Repeat exactly the line with "nhạc dành cho người hận tình yêu/ youngmups" and each line after it to the end of the data below; pictures stay out.

[THE DATA — start]

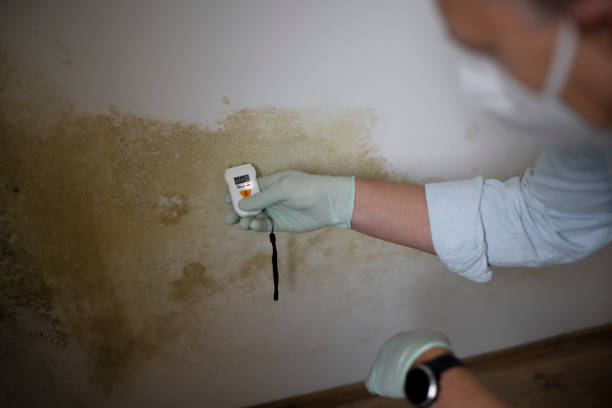 Best Residential Mold Remediation in South Zanesville, OH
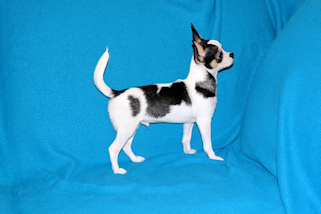 Conner - Black & White Spotted Smoothcoat Male Chihuahua Puppy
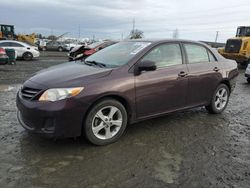 Salvage cars for sale at Eugene, OR auction: 2013 Toyota Corolla Base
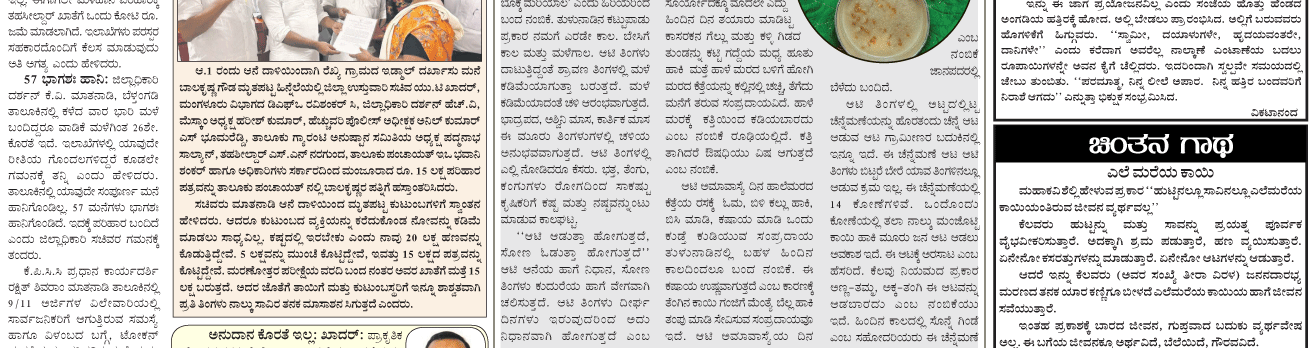 ePaper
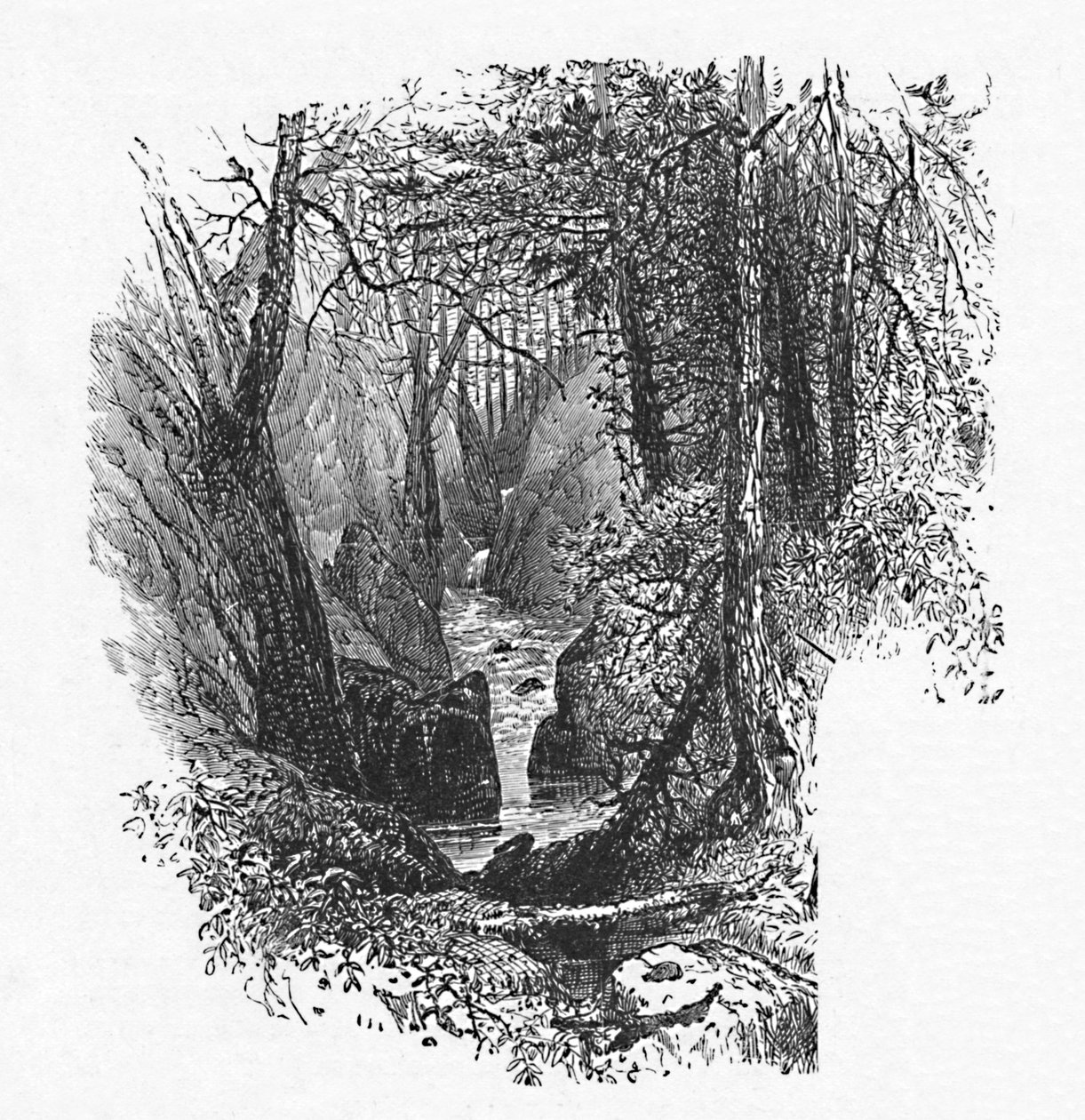 Syöttäjä järvelle, 1883 tekijältä Unbekannt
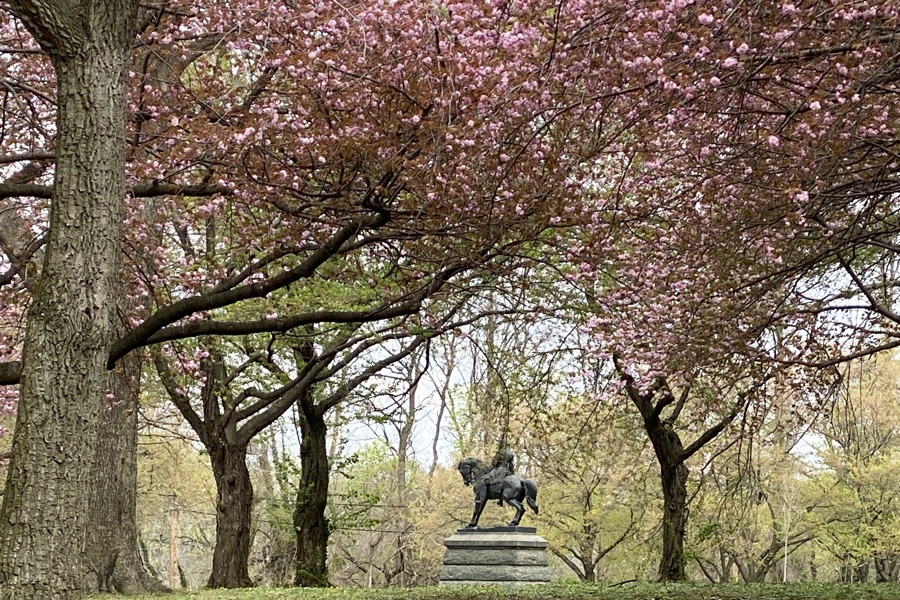 Guide to the 2023 Philadelphia Cherry Blossom Festival - Visit Philadelphia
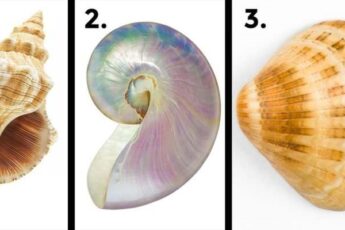TEST: The Shell You Choose Reveals A Lot About Your Personality! Which One Do You Like Best?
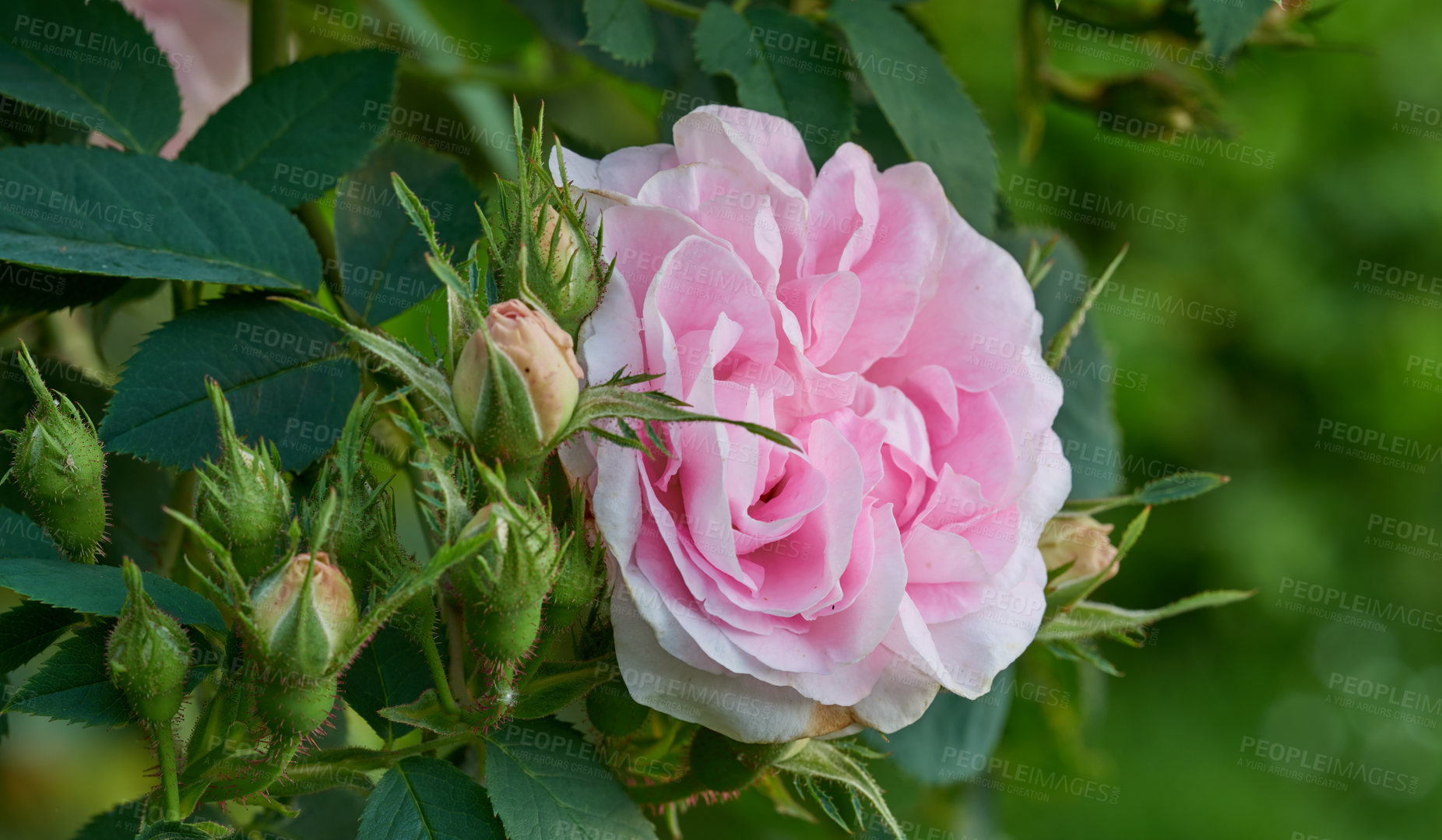 Buy stock photo Beautiful pink rose growing on a tree in a backyard garden in summer. Closeup of one single flower blossoming in a park or on a lawn for landscaping during spring. Zoom of a flowering plant in nature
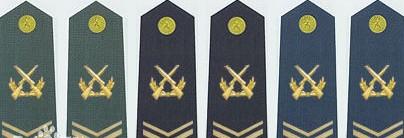 陆海空军上士军衔肩章(2009—)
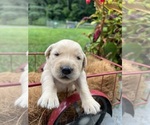Small #3 Golden Retriever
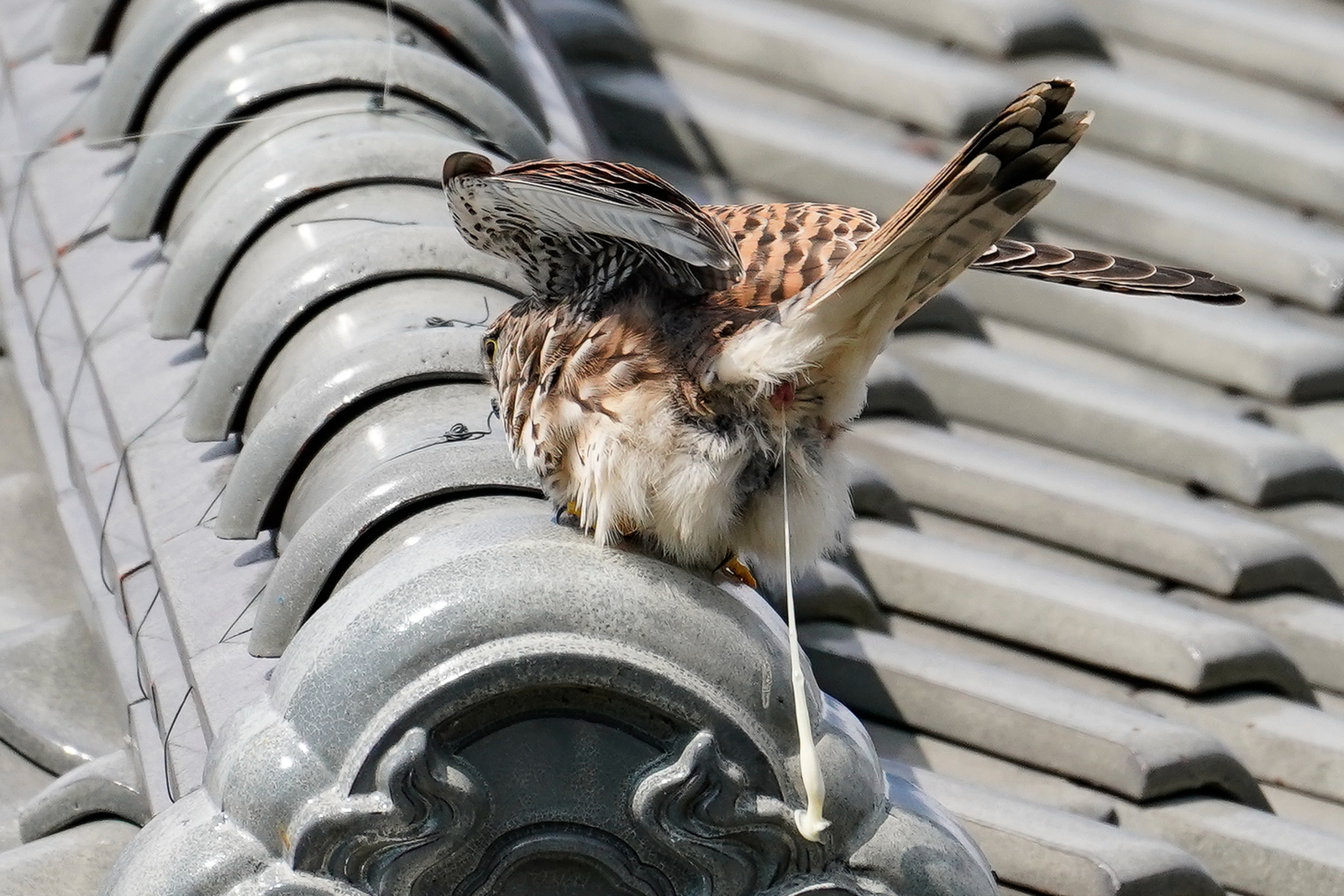 f:id:zo5ur53kle:20190331202824j:plain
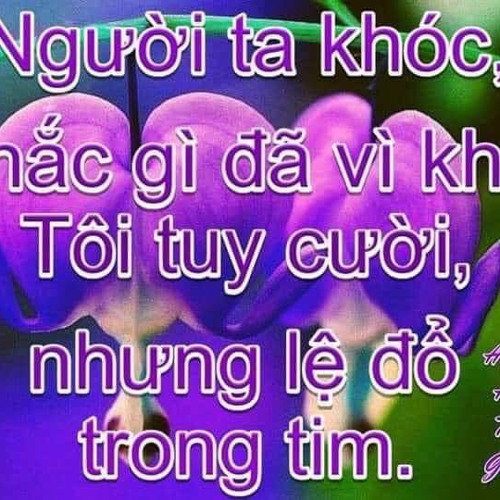 nhạc dành cho người hận tình yêu/ youngmups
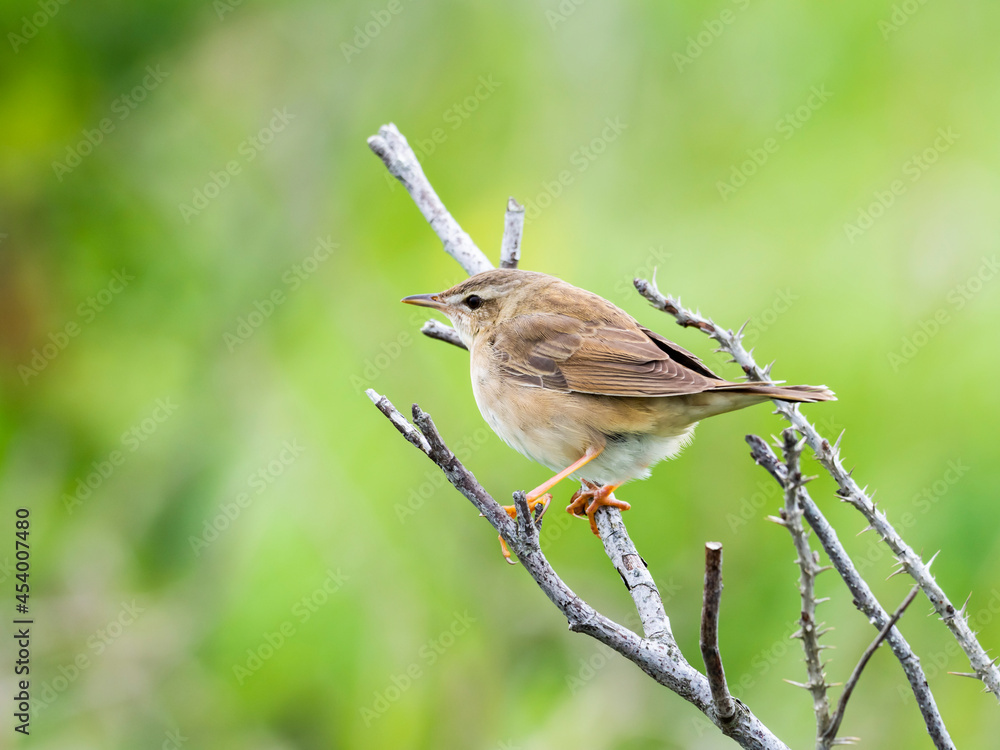 Fototapeta premium シマセンニュウ(Middendorff's grasshopper warbler)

[THE DATA — finish]

TASK RESULT:
 nhạc dành cho người hận tình yêu/ youngmups
 Fototapeta premium シマセンニュウ(Middendorff's grasshopper warbler)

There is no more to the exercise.